Cannot run any CUDA kernels CUDA runtime doesn't recognize NVIDIA GPU

Hi everybody,

This is a repost of what I already wrote here and, since nobody answered, I am trying to raise the attention. ;-)

I’ve installed the NVIDIA Toolkit 2.3 as well as the SDK and the NVIDIA driver (versions 190.18 as well as 190.42) and whenever I try to run a cuda-capable application the CUDA Runtime tells me:

[codebox]~/NVIDIA_GPU_Computing_SDK/C/bin/linux/release$ ./scan

cudaSafeCall() Runtime API error in file <scan.cu>, line 100 : no CUDA-capable device is available.[/codebox]

But the deviceQuery tells me:

[codebox]./deviceQuery

CUDA Device Query (Runtime API) version (CUDART static linking)

There is 1 device supporting CUDA

Device 0: “Quadro FX 570M”

CUDA Driver Version: 2.30

CUDA Runtime Version: 2.30

CUDA Capability Major revision number: 1

CUDA Capability Minor revision number: 1

Total amount of global memory: 133496832 bytes

Number of multiprocessors: 4

Number of cores: 32

Total amount of constant memory: 65536 bytes

Total amount of shared memory per block: 16384 bytes

Total number of registers available per block: 8192

Warp size: 32

Maximum number of threads per block: 512

Maximum sizes of each dimension of a block: 512 x 512 x 64

Maximum sizes of each dimension of a grid: 65535 x 65535 x 1

Maximum memory pitch: 262144 bytes

Texture alignment: 256 bytes

Clock rate: 0.95 GHz

Concurrent copy and execution: Yes

Run time limit on kernels: Yes

Integrated: No

Support host page-locked memory mapping: No

Compute mode: Default (multiple host threads can use this device simultaneously)

Test PASSED[/codebox]

So it looks like I am having the same issue as alecn2002 had in the original posting. But in his case the GFX card overheated and that was the reason for these errors. But the Quadro FX 570M seems to be running just fine; temperature is ok, 3D-applications run fine, so I assume the card to be running fine as well. I tried reinstalling the driver (versions 190.18 as well as 190.42) but it didn’t help.

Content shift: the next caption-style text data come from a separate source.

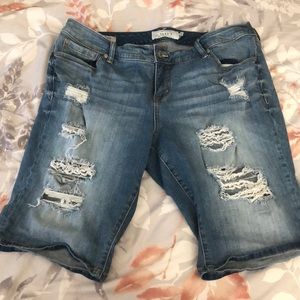 Torrid boyfriend shorts w/ shredded front panels.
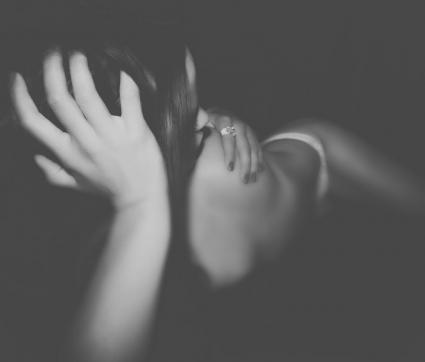 Yanna - Escort female slave / maid Orange 2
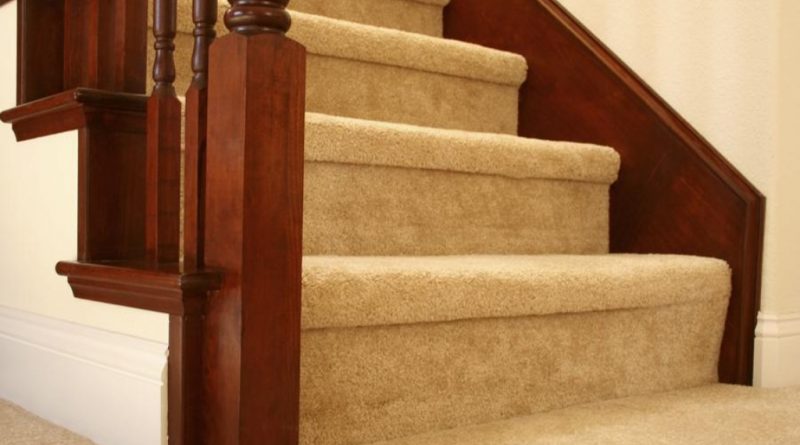 Накладки для ступеней лестницы: критерии выбора и способы укладки ковролина в фото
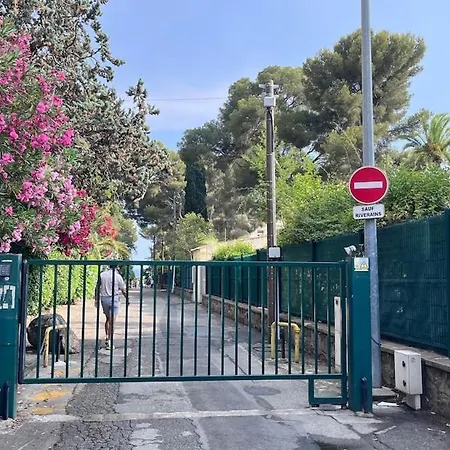 Un Coin De Paradis Au Pied De La Grande Bleue * Saint-Raphael (Var)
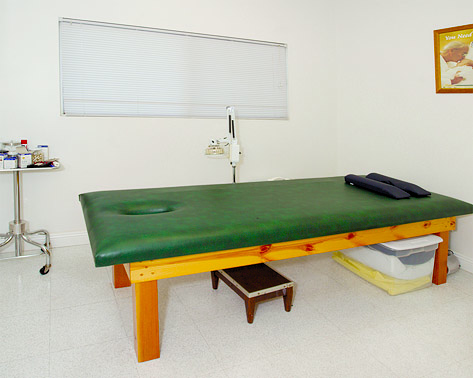 green acupuncture table photos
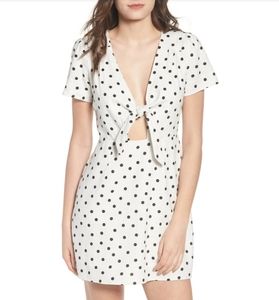 Socialite tie front cut out dress M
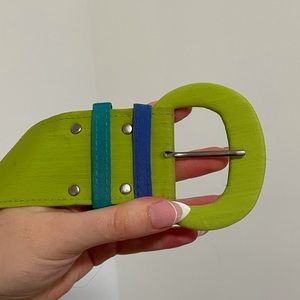 • 80’s vintage green belt •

I read that this may happen in case you’re not having read/write rights on the nvidia devices but this is not the case

[codebox]ll /dev/nv*

crw-rw-rw- 1 root root 195, 0 2009-12-11 14:12 /dev/nvidia0

crw-rw-rw- 1 root root 195, 255 2009-12-11 14:12 /dev/nvidiactl

crw-rw-rw- 1 root kmem 10, 144 2009-12-11 14:12 /dev/nvram

[/codebox]

I am running Ubuntu 09.10, nvidia driver 190.42 as well as CUDA toolkit + sdk 2.3 and compiled the examples with GCC 4.3.4.

[codebox]$gcc --version

gcc (Ubuntu 4.3.4-5ubuntu1) 4.3.4

Copyright © 2008 Free Software Foundation, Inc.

This is free software; see the source for copying conditions. There is NO

warranty; not even for MERCHANTABILITY or FITNESS FOR A PARTICULAR PURPOSE.[/codebox]

Does anybody have any idea about what the reason might be that I cannot run any CUDA example?

Any help is highly appreciated! ;-)

Marius

Is this 32 or 64 bit? I am running the exact same drivers and toolkit version on my development box with a pair of GTX275s under 64bit Ubuntu 9.04 and it just works.

Hi Avidday,

I am running on Ubuntu 09.10 32bit version with kernel 2.6.31-16-generic. I tried to reinstall nearly everything (except for Ubuntu itself) but nothing helped.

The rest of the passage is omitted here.